= Bilal Hussein (photojournalist) =

Iraqi journalist

Bilal Hussein (بلال حسين) is an Iraqi Associated Press photojournalist based in Fallujah, Iraq. He was arrested in Ramadi by U.S. forces in April 2006 and detained on suspicion of aiding insurgents in Iraq. He was taken into custody to face charges in the Iraqi Central Court, reportedly over the circumstances of his photos, which were supplied by the U.S. military. American and Iraqi governments were criticized for violating the Geneva Conventions, and for detaining Hussein without evidence. He was finally released without charge in 2008. That year, Hussein won an International Press Freedom Award.

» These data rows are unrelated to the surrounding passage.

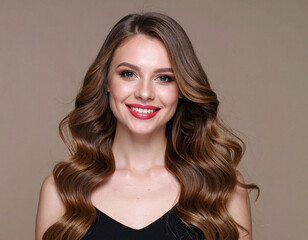 Fototapeta premium Portrait of a Smiling Woman with Luscious Brown Wavy Hair and Red Lips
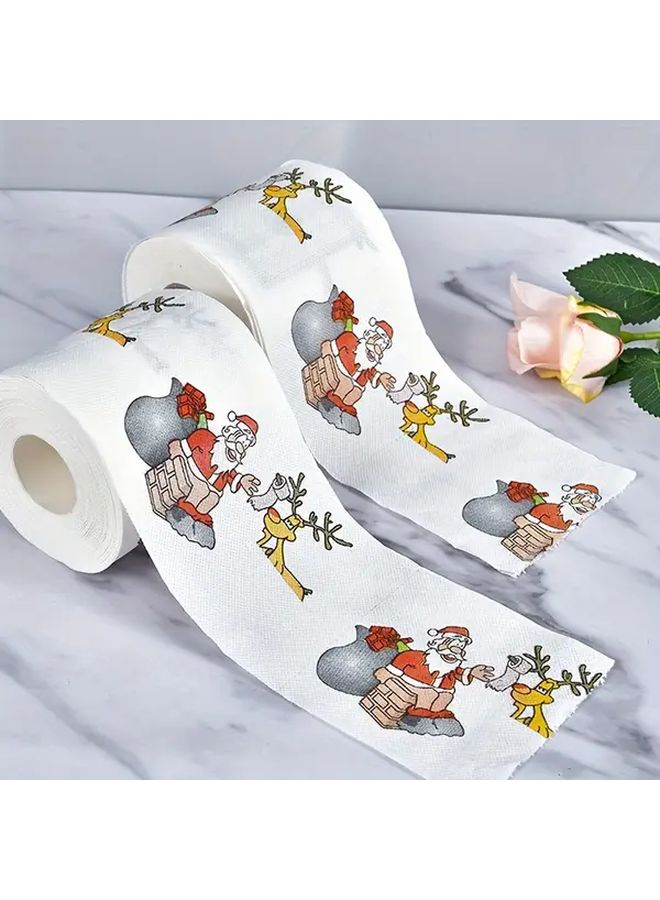 Festive Christmas Toilet Paper Rolls 2 Pack Santa Print Fragrance Free No Shedding Holiday Bathroom Decor - Image 5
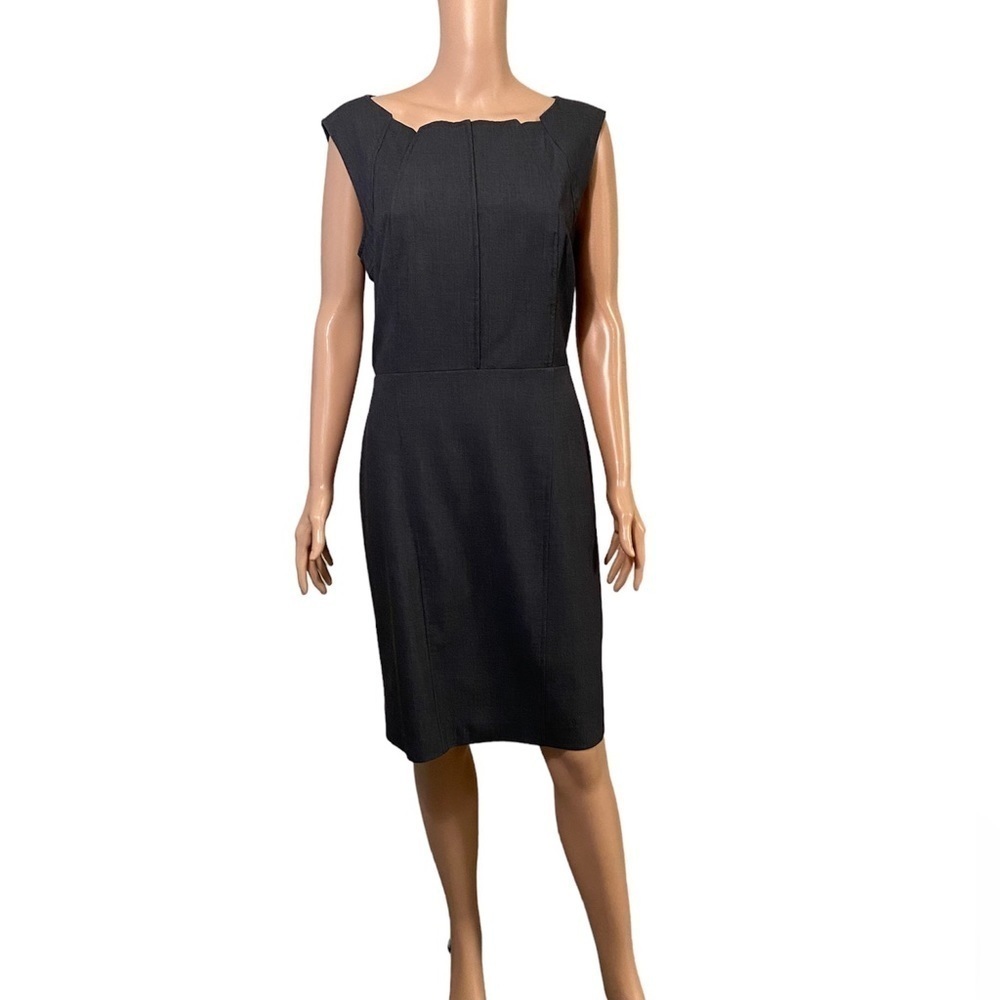 Calvin Klein sleeveless dress dark gray side zip excellent condition size 14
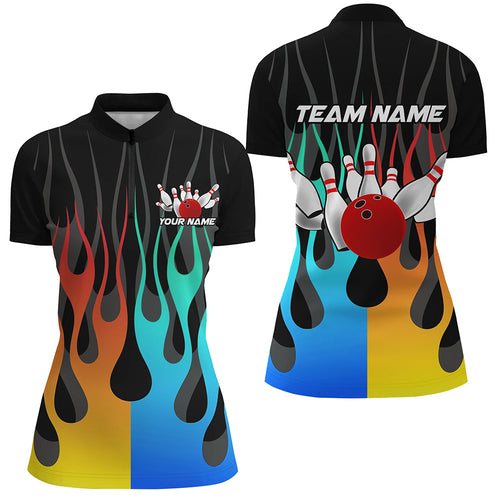 Custom Women Bowling Shirts Flame Bowling Team Jersey Quarter Zip Bowling Gifts QZT507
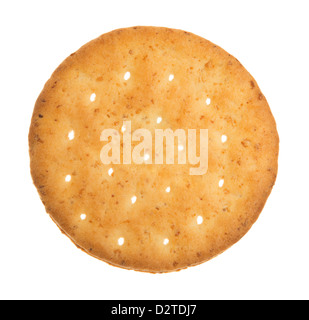 Craquelins de blé. Un seul morceau de biscuit d'avoine complet isolé sur fond blanc. Banque D'Images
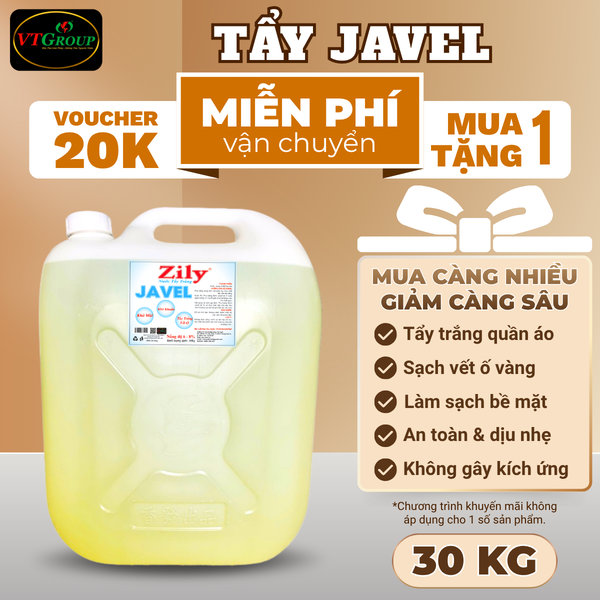 Nuoc tay trang javel Zily cong nghiep can 30kg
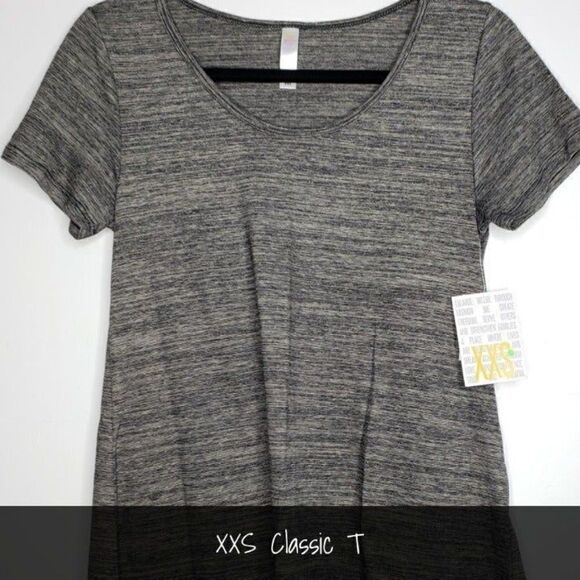 LuLaRoe Classic Tee XXS Dark Gray Microstripes NEW - Picture 1 of 1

One of his photographs was among a group of 20 Associated Press photographs that won the 2005 Pulitzer Prize for Breaking News Photography. His was an image of four insurgents in Fallujah firing a mortar and small arms during the U.S.-led offensive in the city in November 2004.

On September 17, 2006, the AP reported that Hussein had been imprisoned by the United States military since April 2006 without publicly known charges or hearings; his captors citing "imperative reasons of security" under United Nations resolutions. Hussein was taken into U.S. custody on April 12, 2006 in Ramadi, Iraq, and had since been held without charge. On November 20, 2007, the US military announced that they would soon be bringing criminal charges against Hussein, and would be turning the case over to Iraqi judges. On April 9, 2008 an Iraqi judicial panel ordered Hussein's release, ruling (according to the AP) that he was covered by an Iraqi amnesty law. On April 14, 2008 the US military announced it would release Hussein from custody by April 16 of that year, saying only that "he no longer presents an imperative threat to security".

==Background==
Hussein is an Iraqi citizen and shopkeeper who in 2003 was living with his family in Fallujah, where he sold cell phones and computers. During the Iraq War, the Associated Press (AP) hired him as a general helper because of his local knowledge, in what is described as a typical path for locally hired staff in the middle of a conflict. According to Santiago Lyon, AP's director of photography, in 2004, as the situation in Fallujah worsened, Hussein was given training in photography and camera equipment. He was hired by AP in September 2004 as a freelancer, paid on a per-picture basis. During Operation Phantom Fury, Hussein's family left, but he stayed behind. He photographed "not only the results of the attacks on Fallujah, [but] also ... members of the insurgency on occasion," according to Lyon.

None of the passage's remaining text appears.